**Task**
Copy exactly the lines of the data below that run from the line holding "Droplet Refraction On" through the line holding "Lambretta Classic Retro", both ends included.

Brief descriptive captions
========================================

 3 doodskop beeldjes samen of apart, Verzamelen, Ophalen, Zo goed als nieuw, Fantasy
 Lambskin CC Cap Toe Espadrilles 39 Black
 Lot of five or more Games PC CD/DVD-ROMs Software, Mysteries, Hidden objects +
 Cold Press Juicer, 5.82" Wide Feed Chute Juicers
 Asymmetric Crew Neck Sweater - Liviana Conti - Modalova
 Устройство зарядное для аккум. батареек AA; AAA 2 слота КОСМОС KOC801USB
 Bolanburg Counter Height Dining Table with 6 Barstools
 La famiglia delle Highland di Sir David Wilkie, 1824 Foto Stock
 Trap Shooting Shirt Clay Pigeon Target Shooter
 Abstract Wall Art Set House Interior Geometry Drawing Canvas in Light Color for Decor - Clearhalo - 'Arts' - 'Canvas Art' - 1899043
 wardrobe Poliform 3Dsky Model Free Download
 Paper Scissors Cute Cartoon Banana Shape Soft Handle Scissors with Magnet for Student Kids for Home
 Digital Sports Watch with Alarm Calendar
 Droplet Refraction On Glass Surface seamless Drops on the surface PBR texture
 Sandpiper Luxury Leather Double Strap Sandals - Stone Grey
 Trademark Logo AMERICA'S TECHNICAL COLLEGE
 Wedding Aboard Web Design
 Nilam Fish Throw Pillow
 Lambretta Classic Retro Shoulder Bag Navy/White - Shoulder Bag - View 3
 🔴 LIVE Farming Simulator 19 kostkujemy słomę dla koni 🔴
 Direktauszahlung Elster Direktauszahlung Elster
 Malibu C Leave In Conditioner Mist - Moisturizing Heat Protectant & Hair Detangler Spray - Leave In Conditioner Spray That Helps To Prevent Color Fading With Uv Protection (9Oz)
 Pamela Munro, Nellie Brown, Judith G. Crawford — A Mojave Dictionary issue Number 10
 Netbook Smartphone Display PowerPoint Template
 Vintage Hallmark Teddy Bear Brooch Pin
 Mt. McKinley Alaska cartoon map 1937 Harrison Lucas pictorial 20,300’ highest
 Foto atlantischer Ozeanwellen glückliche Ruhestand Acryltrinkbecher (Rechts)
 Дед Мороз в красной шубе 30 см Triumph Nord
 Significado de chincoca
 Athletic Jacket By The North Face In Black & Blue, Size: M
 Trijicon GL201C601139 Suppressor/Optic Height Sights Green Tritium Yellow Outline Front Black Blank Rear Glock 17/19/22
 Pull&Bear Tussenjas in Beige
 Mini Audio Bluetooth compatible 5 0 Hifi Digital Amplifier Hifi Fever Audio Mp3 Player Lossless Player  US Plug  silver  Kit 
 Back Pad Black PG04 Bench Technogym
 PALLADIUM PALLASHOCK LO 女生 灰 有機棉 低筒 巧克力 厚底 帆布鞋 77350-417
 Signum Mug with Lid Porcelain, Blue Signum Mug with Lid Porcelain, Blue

========================================

**Written solution**
 Droplet Refraction On Glass Surface seamless Drops on the surface PBR texture
 Sandpiper Luxury Leather Double Strap Sandals - Stone Grey
 Trademark Logo AMERICA'S TECHNICAL COLLEGE
 Wedding Aboard Web Design
 Nilam Fish Throw Pillow
 Lambretta Classic Retro Shoulder Bag Navy/White - Shoulder Bag - View 3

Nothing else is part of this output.